Preamble
Yes. The exemption in section 152-125 of the Income Tax Assessment Act 1997 (ITAA 1997) can apply in those circumstances.
Section 152-125 of the ITAA 1997 provides that if a capital gain made by a company or trust is disregarded under the 15 year exemption in section 152-110 of the ITAA 1997, certain payments by the company or trust to an individual are not taken into account in determining that individual's taxable income.
The individual must have been a CGT concession stakeholder of the company or trust just before the happening of the CGT event that gave rise to the capital gain.

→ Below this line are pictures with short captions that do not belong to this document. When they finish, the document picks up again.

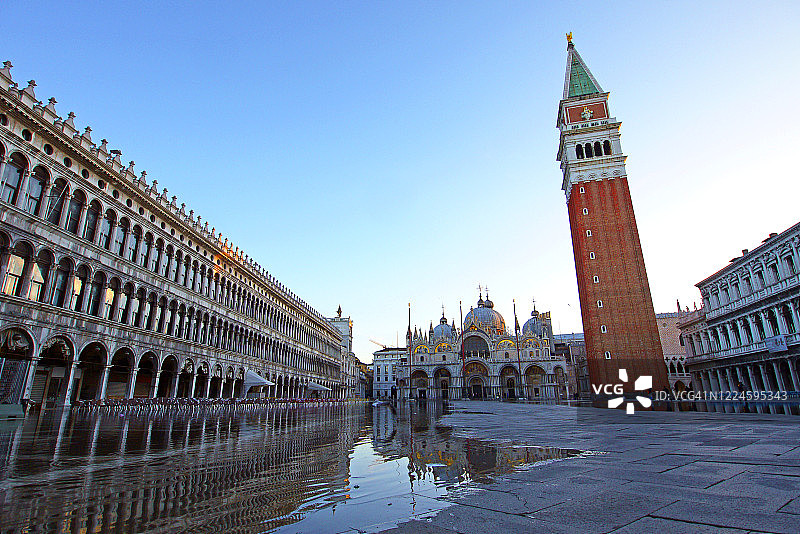 威尼斯的圣马可广场部分被洪水淹没图片素材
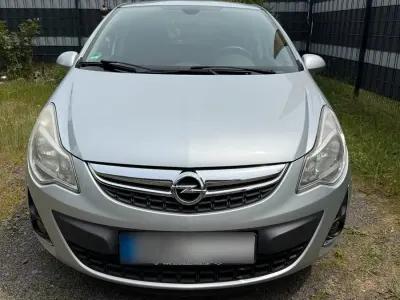 Gebraucht Opel Corsa Edition 87 PS (63 kW) 2012 Silber Kleinwagen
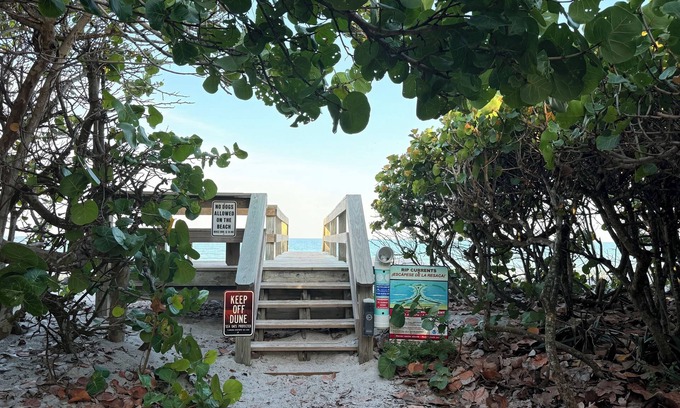 Satellite Beach House | 2-bedroom house in Satellite Beach I 4 Min Walk from the Beach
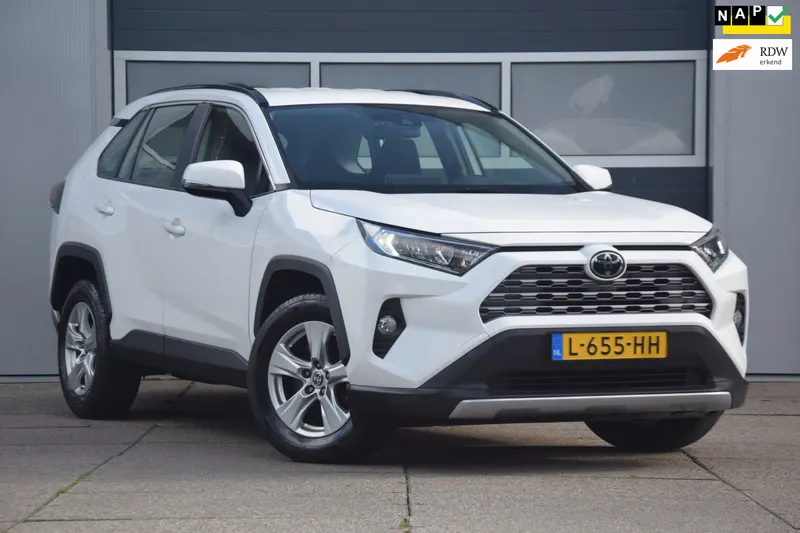 Toyota RAV4 (2021)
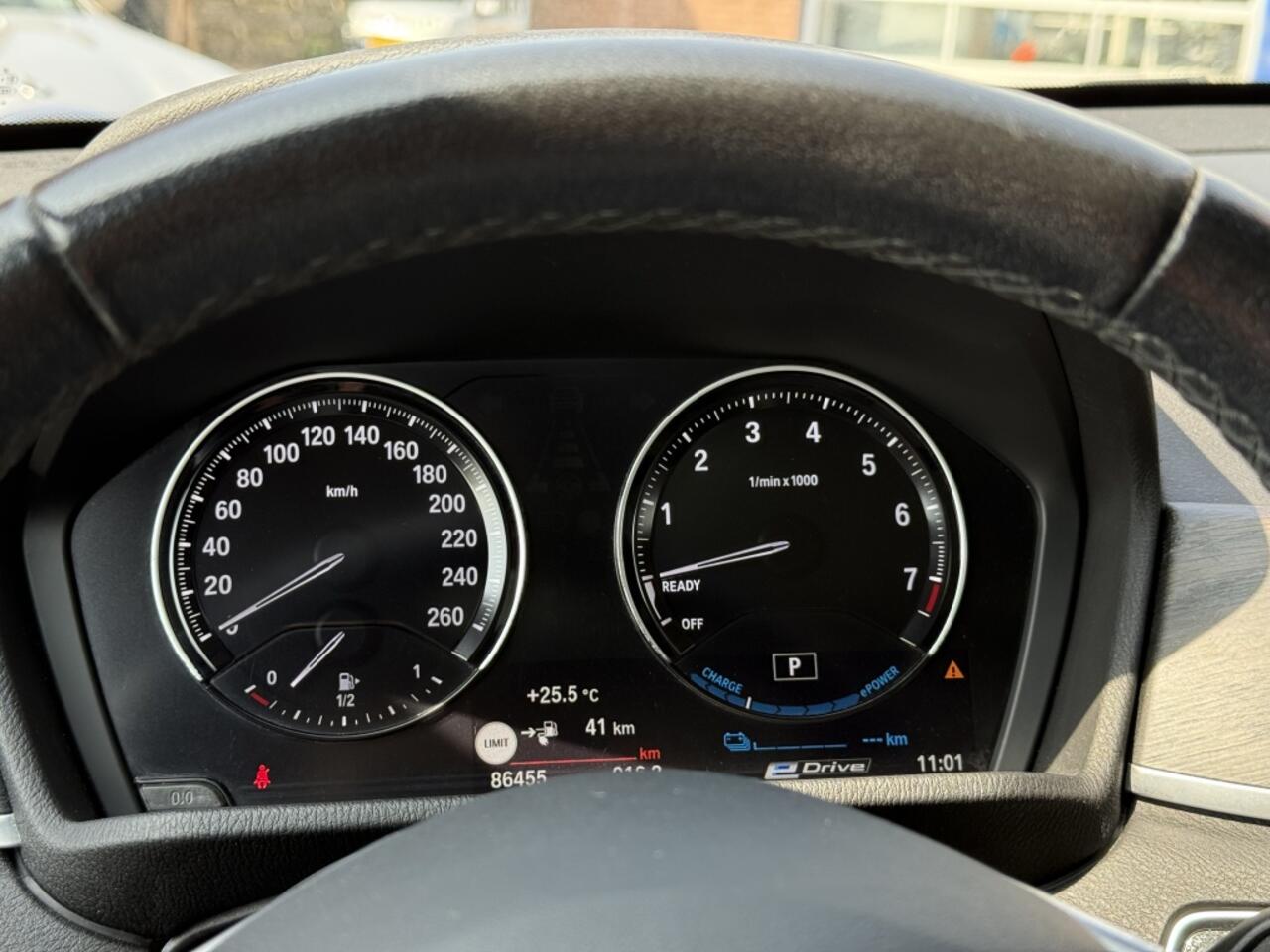 BMW X1 X1 xDrive25e plugin xLine | 220PK | Vleder | Pano | Camera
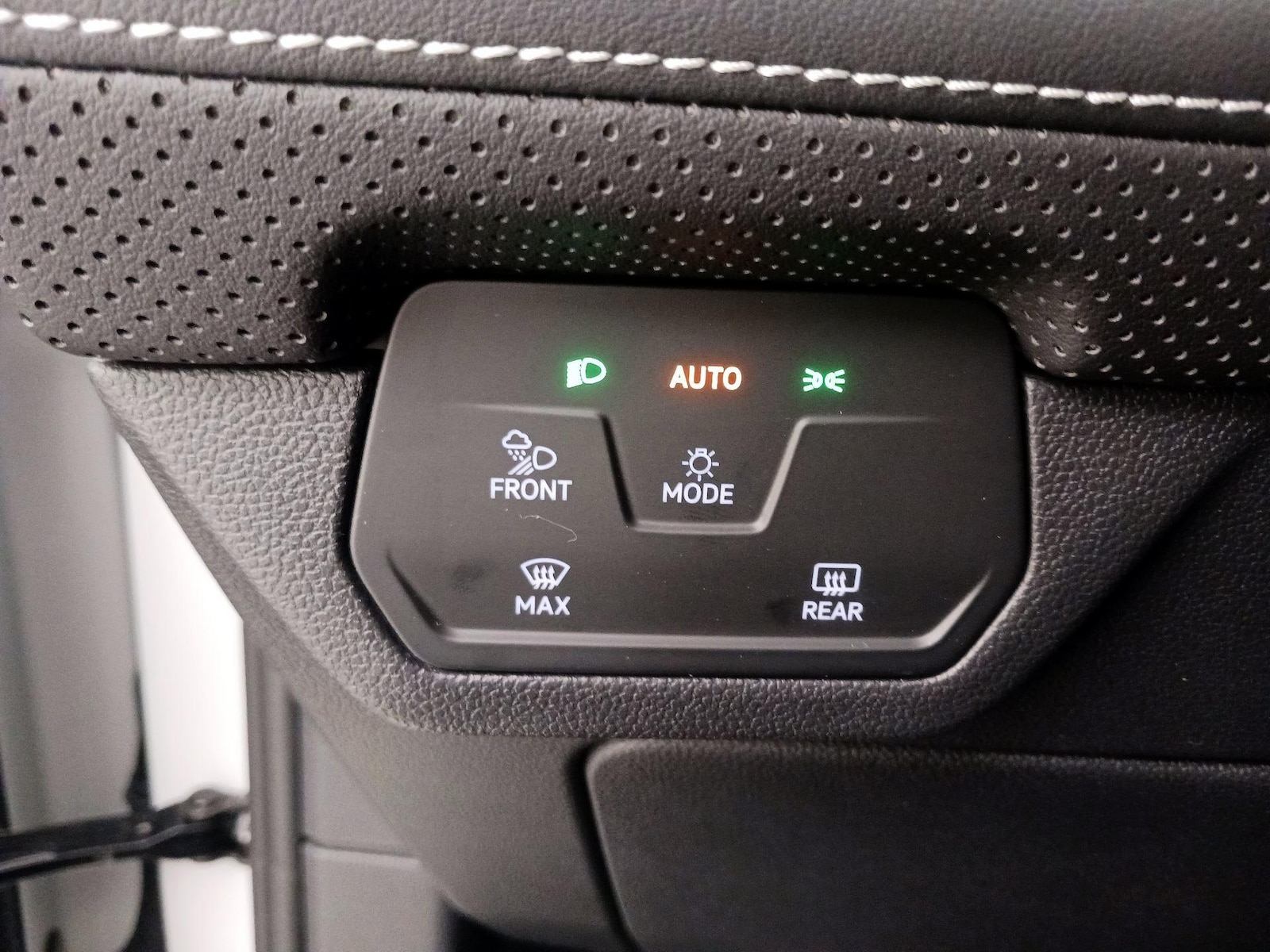 2025 Volkswagen Atlas SE w/Tech - Photo 14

A CGT concession stakeholder of a company or trust is a significant individual in the company or trust: paragraph 152-60(a) of the ITAA 1997.
A spouse of a significant individual is also a CGT concession stakeholder if the spouse has a small business participation percentage in the company or trust that is greater than zero: paragraph 152-60(b) of the ITAA 1997.
The single entity rule in section 701-1 of the ITAA 1997 is the means by which a consolidated group is treated as a single entity for the group's income tax purposes with the head company of the group being that entity. As a result, the head company makes the capital gain in respect of the sale of the asset by the subsidiary.
Because that capital gain has been disregarded under section 152-110, payments by the head company to its CGT concession stakeholders will also be exempt provided the requirements of section 152-125 of the ITAA 1997 are otherwise met.
All the shares in H Co are owned by an individual, X, who is therefore a concession stakeholder of H Co. H Co is the head company of a consolidated group consisting of H Co and its wholly owned subsidiary S Co. S Co carries on a business.
In the 2010-11 income year S Co sold an asset. As a result of the operation of the single entity rule in section 701-1 of the ITAA 1997 H Co was taken, for the purposes of working out its liability to income tax, to have sold the asset and made a capital gain. The capital gain was disregarded under the 15 year small business exemption in section 152-110 of the ITAA 1997.
In the 2011-12 income year, H Co makes a payment to X in relation to the exempt amount. The amount paid to X does not exceed the amount of the disregarded capital gain.
The payment is excluded from the assessable income of X under section 152-125 of the ITAA 1997.
This Determination applies to years commencing both before and after its date of issue. However, it does not apply to taxpayers to the extent that it conflicts with the terms of settlement of a dispute agreed to before the date of the Determination (see paragraphs 75 and 76 of Taxation Ruling 2006/10). Note
The amendments applied to this consolidated Determination apply to CGT events happening in the 2006-07 income year or later income years.